No longer a domestic goddess
Glenwood Springs, CO Colorado
Lost: My domesticity. Last seen: About six months ago. Goes by the nickname: Ms. Clark. If found, please return ASAP.
Or just leave it on my doorstep and I’ll grab it later.
So I’m talking to my landlady – is that even PC anymore? – yesterday and she mentions she’s stopping by the house to add a goldfish to the back patio pond.
“Sounds great,” I said.
“I’ve found they really help with mosquito control,” she informed.
“Is this fish going to be self-sufficient?” I asked. “Or will I need to feed it every day?”
The laughter on the other end of the line made me realize something.
I’ve gone and lost my domestic ways. That’s not easy for a girl from the Midwest to accept. We’re born and raised this way, for goodness sakes. So much for being a domestic goddess. At least I still remember how to make my grandmother’s infamous “sweetish” meatballs.
And deviled eggs.
Albeit a great idea for a pet – outside of the rock variety of the ’70s – goldfish need to be fed. But I’ve never had an outdoor fish, so I’m new to this concept. Fish eats bugs and algae, so maybe self-sufficiency isn’t so far-fetched? This fish story made me realize it’s probably a good thing I don’t have a baby these days.
I can hear me asking the doctor now, “So is this baby going to be self-sufficient?”
These days, I’m pretty much in uber-single working-girl mode. And no, not the old-fashioned working-girl working girl.
That occupation does have quite the past out here in the wild west.
Lately, I’ve been as busy as the Pour House after the Thursday-night rodeo. Like a lot of people in this valley, I wear multiple hats. I’m a marketing coordinator, columnist and comic. I also have a pet that’s not a fish I consistently feed – a 12-year-old dog named Elwood. I’d say I’m kind of a mom to Elwood, except I get a little creeped out when people refer to themselves as parents of a pet.
I can only hope I will never birth anything as hairy as Elwood.
Which reminds me of something kooky I saw on the premier of “The Bachelorette” the other night. More than one of the bachelors made the creepy comment to their dogs that they were going to bring home a new “mommy” for them.
Red flag, Ali the Bachelorette, red flag.
But the bachelor from Colorado said he just wanted to meet a woman who would go ice fishing with him. So maybe, since he was eliminated in the first round, the Colorado bachelor could help me with my new pet. He could help me feed it and pet it.
Maybe I could become his dog’s new mommy.
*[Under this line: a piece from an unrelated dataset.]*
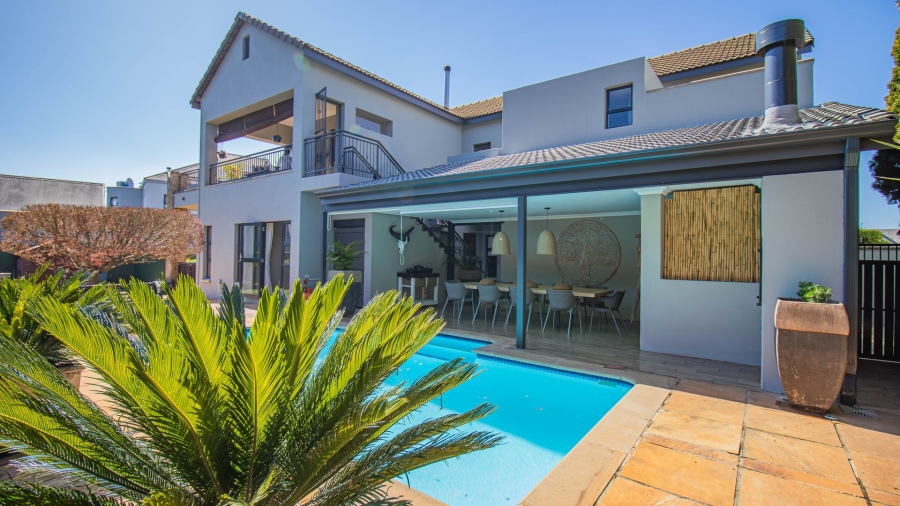 3 Bedroom Property for Sale in The Coves North West
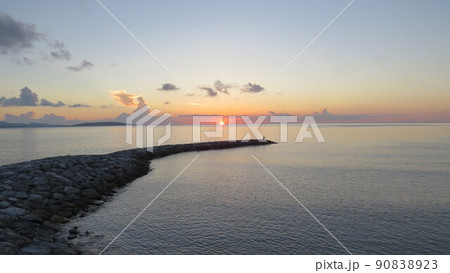 沖縄県大宜味村の夕景 90838923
Except I’m sure I’ve lost my domestic touch. As a married woman, I was all about being domestic. I shopped for khakis and golf shirts for my hubby. I hosted wedding and baby showers, making bite-sized food for the masses in my Cracker-Jack house’s kitchen. I totally wore Mom jeans and vests with cats and flowers on them. I rocked a mean pair of bangs with my awkwardly styled short hair. I was a full-blown Mrs., down to the color-coordinated oven mitts and kitchen towels and brand spanking-new Diaper Genie in the closet for that baby I would someday birth. Back then, I made enough “sweetish” meatballs and deviled eggs to feed a traveling carnival.
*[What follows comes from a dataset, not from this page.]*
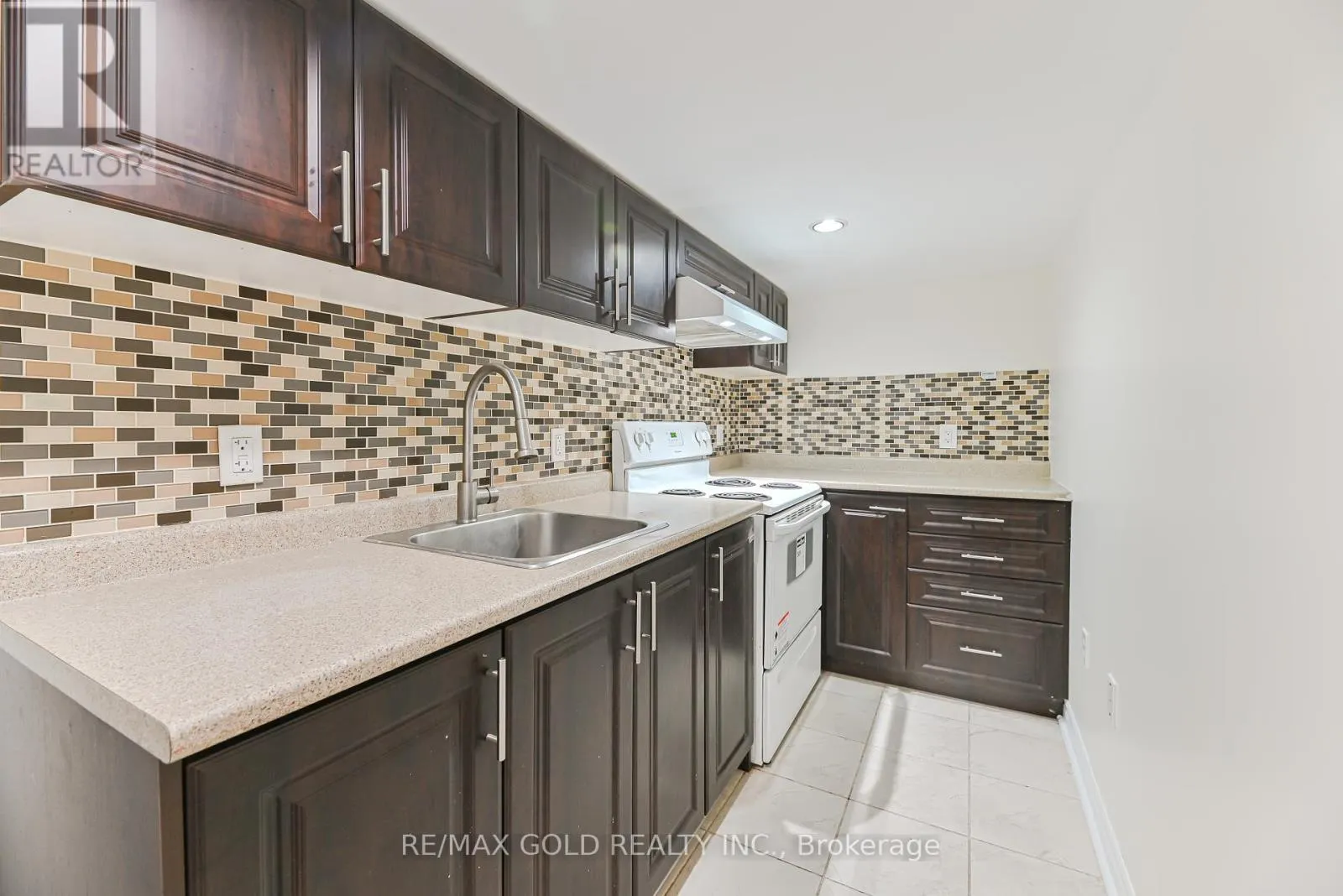 54 GAMSON CRESCENT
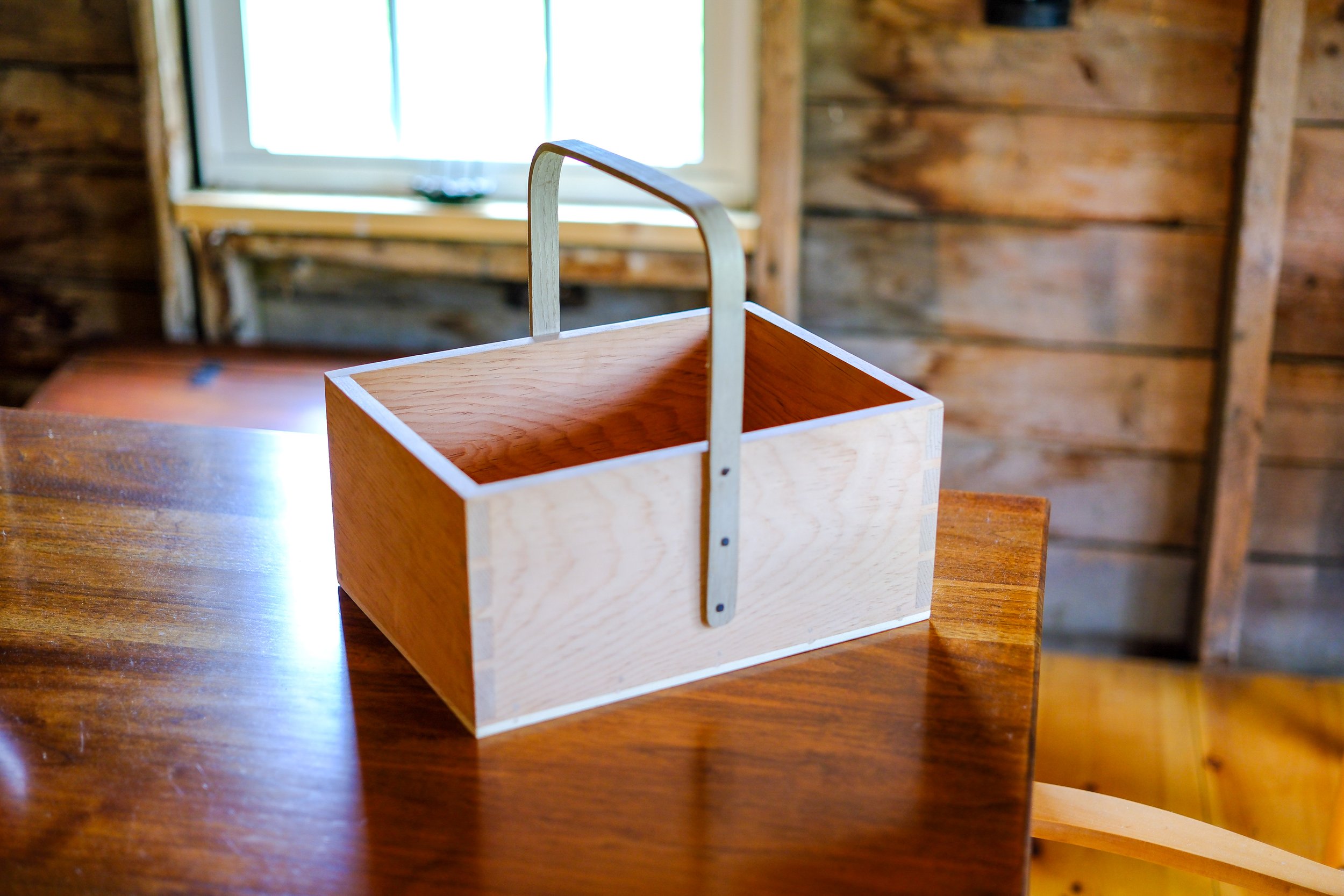 Shaker Chip Box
Which reminds me of the time, I was at the Holy Spirit Festival in Indiana and my best friend Megan and I decided we would ride the bumper cars after closing time. Keep in mind we were wearing those feathers with roach clips all the girls wore in their hair in the ’70s-early ’80s. We won them playing ring toss. Didn’t win the goldfish. The bumper car guy must’ve been impressed with our carni fashion because he let us ride for free. It was pretty spectacular.
Until he became very interested in our personal lives.
“You ladies having fun?” he asked.
“Yes!” we emphatically screamed from our bumper cars.
“You girls got boyfriends?” he prompted.
“No!” we yelled back. “We’re married!”
“And now you’re done,” he said.
Then he flipped the main switch to shut down the whole business. And no more bumper- car ride for us.
Maybe I lost my domesticity longer ago than I realize.